Silverado 6 – E. Trine Starnes Jr – With God And Ronald Reagan On His Side
Peter Brewton describes E. Trine Starnes Jr as perhaps `the biggest con man that Texas ever produced’ , a dubious honor. (1) Brewton adds:
In terms of dollar amounts [stolen] he easily distanced Billie Sol Estes, friend of LBJ and Morris Jaffee and on a national scale he is right up there with the fugitive financier Robert Vesco
Sol Estes and Vesco, were minor leaguers compared to more modern day financial crooks like Bernie Madoff, Bernie Eggers, Ken Lay and Jeffrey Skilling, but in their day Sol Estes and Vesco were `the Magellan’s’ of their age, probing as yet untapped possibilities of massive fraud, financial shyster pioneers of sorts, paving the way for even higher levels of greed and corruption in the post millenial world. And smooth talking E. Trine Starnes Jr – who never spent a night in jail (from what I can tell) – is right up there with the best of them, and with God and Ronald Reagan on his side to boot.

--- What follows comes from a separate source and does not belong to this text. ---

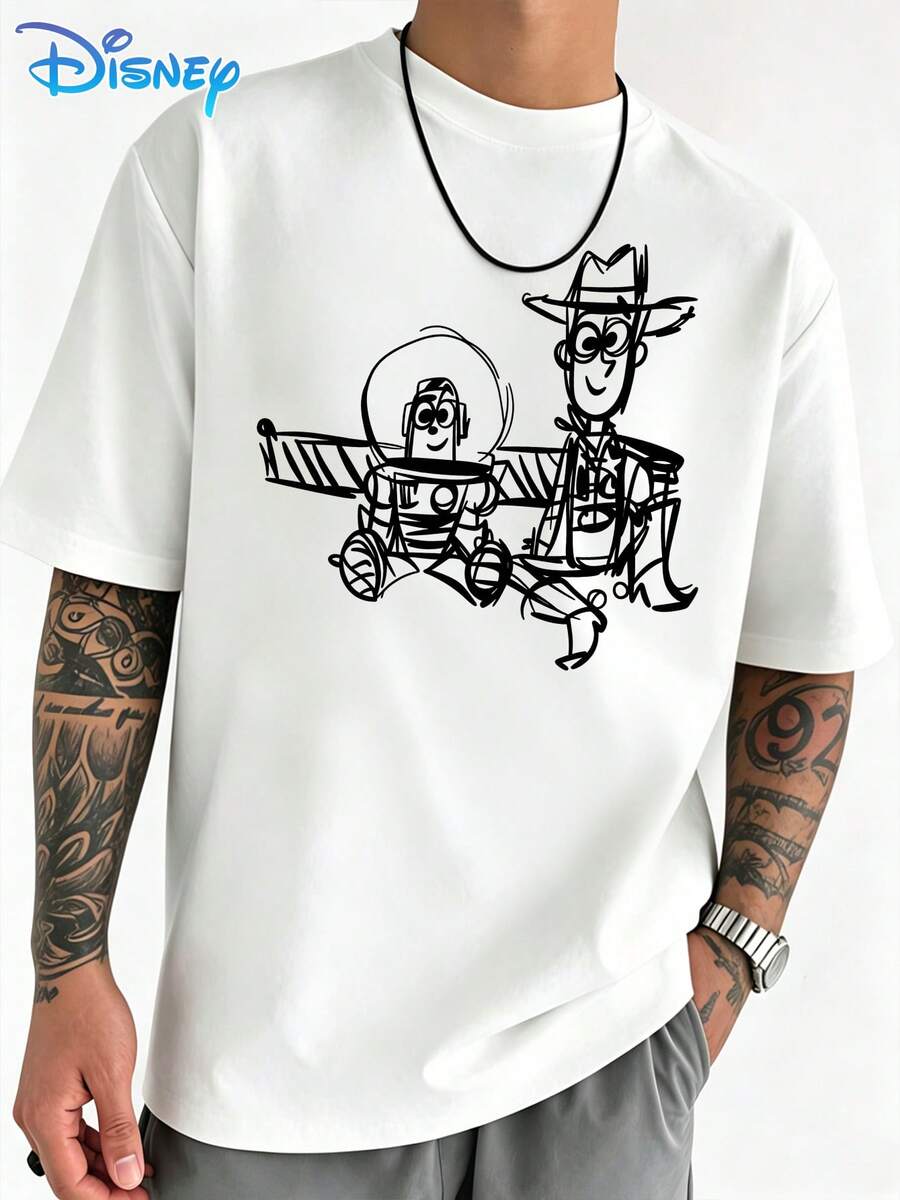 This T-Shirt Featuring Disney's Toy Story Characters Buzz Lightyear And Woody In A Sketch Style And Simple Line Print Is Perfect For Everyday Wear. Made From Pure Cotton With A Relaxed Crew Neck, This Men's T-Shirt Is A Stylish Streetwear Piece, A Must-Have For Casual Outfits, And A Great Summer Gift For Men. - 白色 - 查看 1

Certainly an initial scan of the Savings and Loan literature suggests this an accurate portrait.
Twenty odd years after the scandal has died down, Starnes’ name has almost disappeared from public attention. Two references suggest the man is still with us. The first is a 2002 reference to Mr and Mrs. E. Trines Jr as being charter members of the President’s Circle of Texas Christian University in Abilene. The second is a 2008 real estate notice in a New Orleans newspaper stating that an E. Trine Starnes Jr sold a condominium there for $ 150,000 odd dollars to the Road Home Corporation. $150,000 is small potatoes considering the sums that were passing through the man’s hands decades earlier.

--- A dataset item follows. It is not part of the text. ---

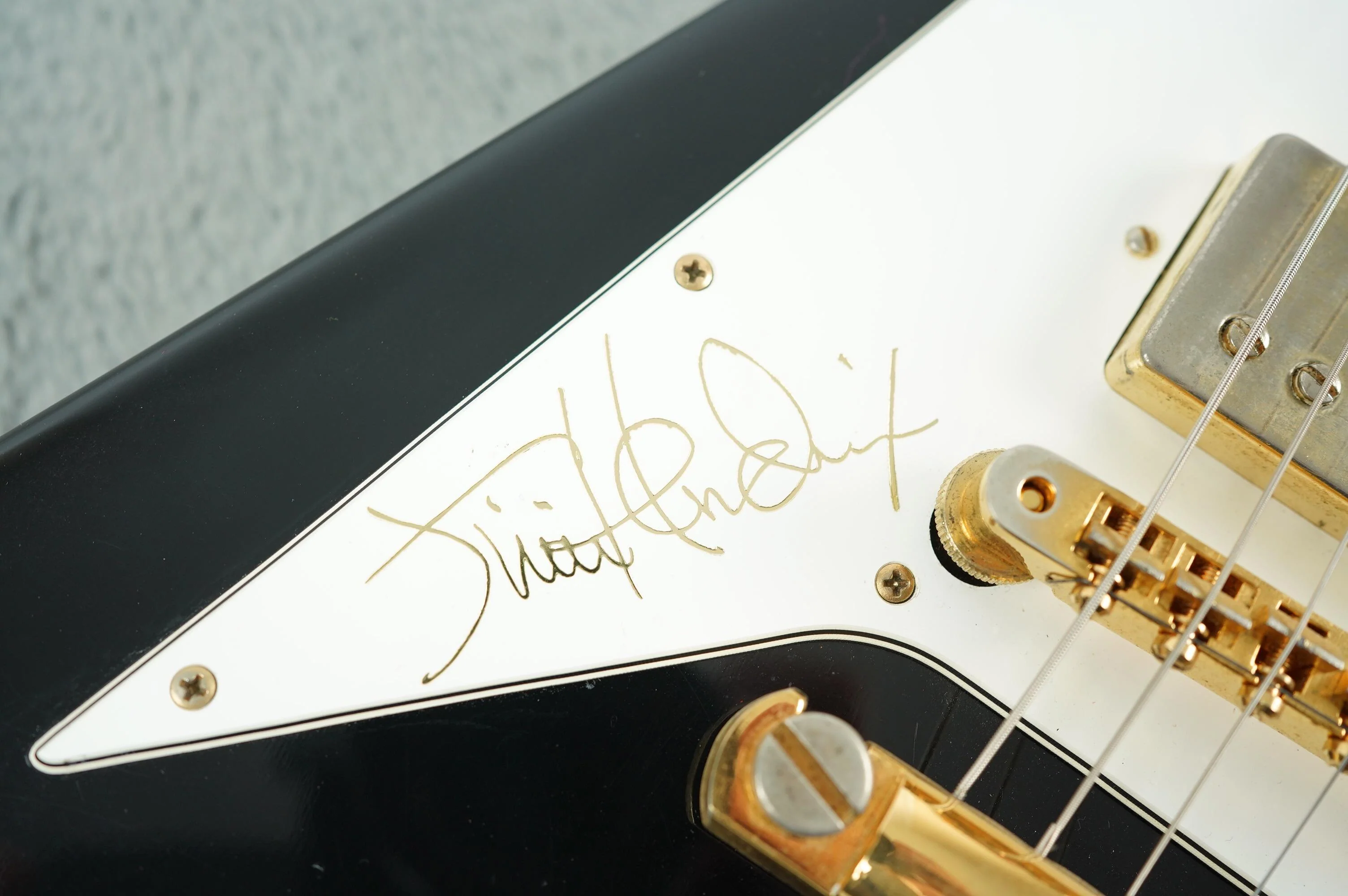 1991 Gibson Flying V, Jimi Hendrix Hall of Fame + OHSC - Image 13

Only one bit of information to add to this portrait…an email, from a man claiming to know him. It claims that after the Silverado venture, Starnes lives – or lived – somewhere near San Diego, that he has always been careful to avoid publicity as it could backfire and that he was involved in a real estate kickback scheme in which he’d rent office space for high prices…and then refund some of the money to the renters. The higher rent on the books, inflated the property’s value, making it more profitable to o sell as it gave the appearance the building was more in demand than it was in actuality. The he’d sell the building and the sucker who bought it would wonder why he couldn’t get the rents and profits out of deal that Starnes did.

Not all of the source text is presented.